Captioned web images>
__________________________________________________
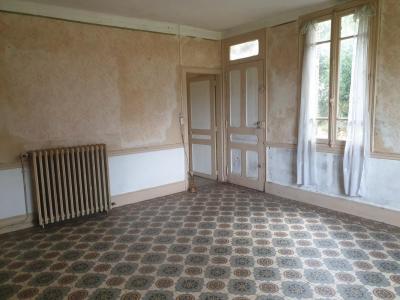 Acheter Maison 100 m2 Saint-philbert-sur-risle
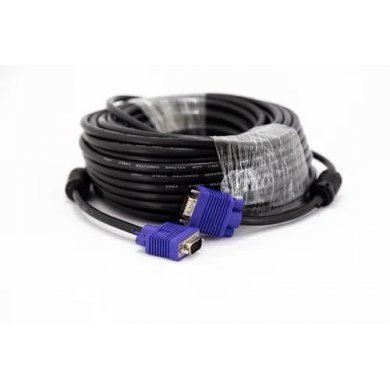 VGA 20 Cabo VGA HD15 MAcho X HD15 Macho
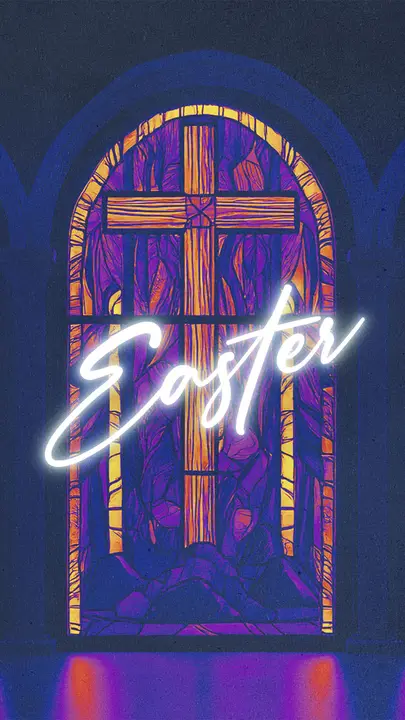 Easter: story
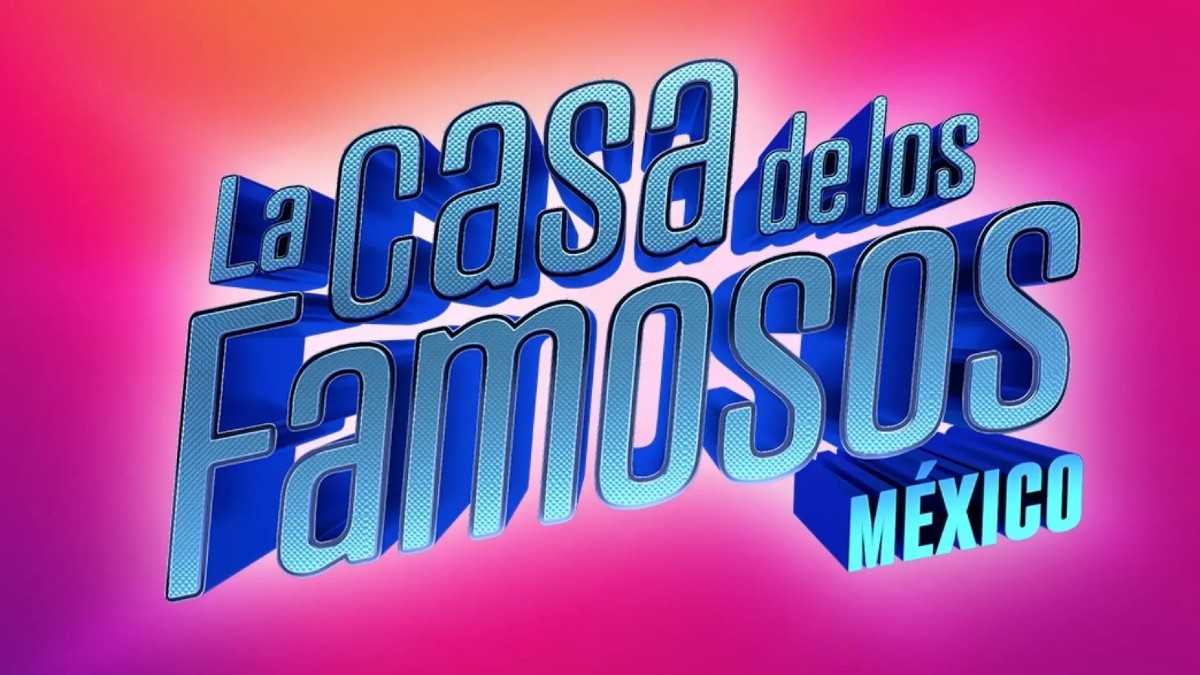 La Casa de los Famosos México 2025 arranca hoy 27 de julio. Sigue aquí las últimas noticias La Casa de los Famosos México 2025 arranca hoy 27 de julio. Sigue aquí las últimas noticias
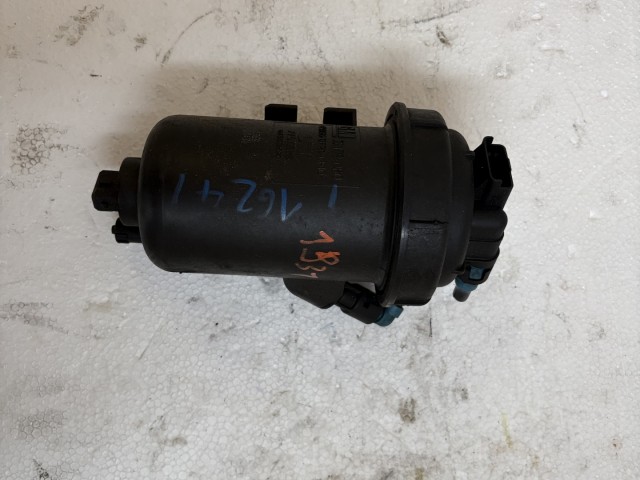 Opel Zafira B 2005-2014 2005-2014 Gázolajszűrő Ház Használt
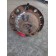 Полуось с блокировкой Iveco ЕВРОТЕХ 1999г 440E35 062002 177Е 101,5см (307) 
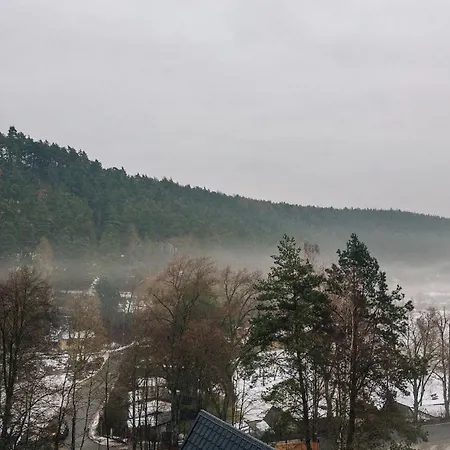 アパート Bella View Bělá pod Bezdězem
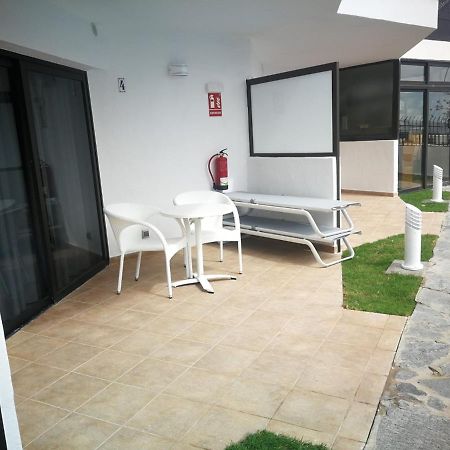 Apartamentos Corona Playa Playa del Inglés Eksteriør billede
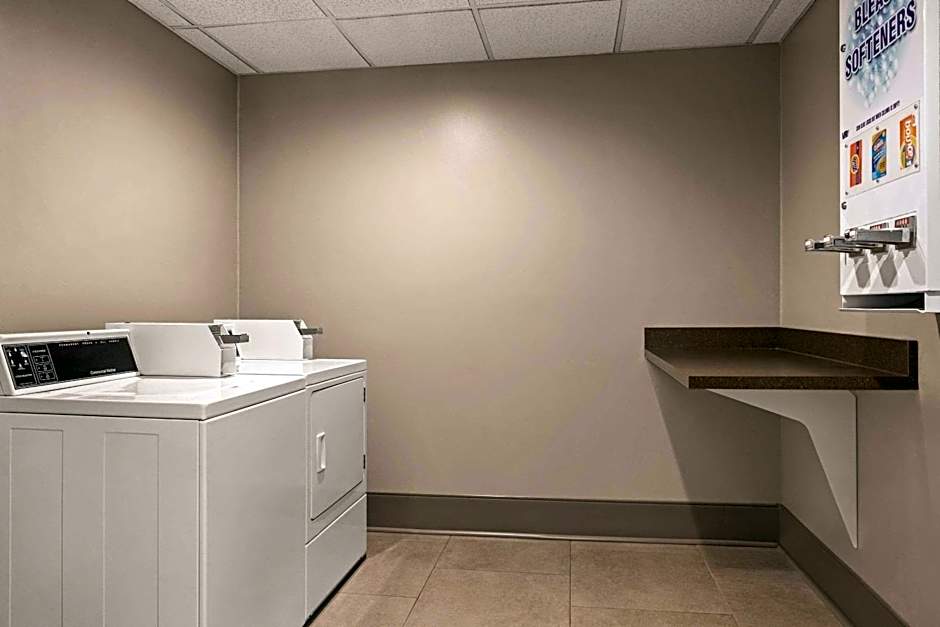 Country Inn & Suites by Radisson, Georgetown, KY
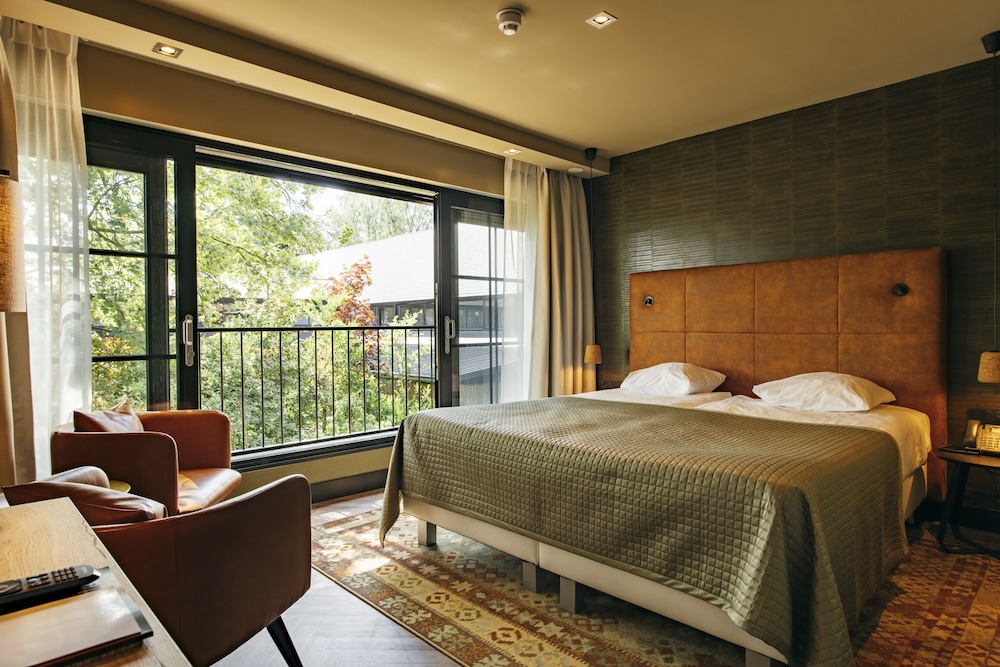 Comfort Twin room with Shower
__________________________________________________
Omit the pictures and print again exactly the lines from the one with "Apartamentos Corona Playa" through the final line of the entries, both ends included.

 Apartamentos Corona Playa Playa del Inglés Eksteriør billede
 Country Inn & Suites by Radisson, Georgetown, KY
 Comfort Twin room with Shower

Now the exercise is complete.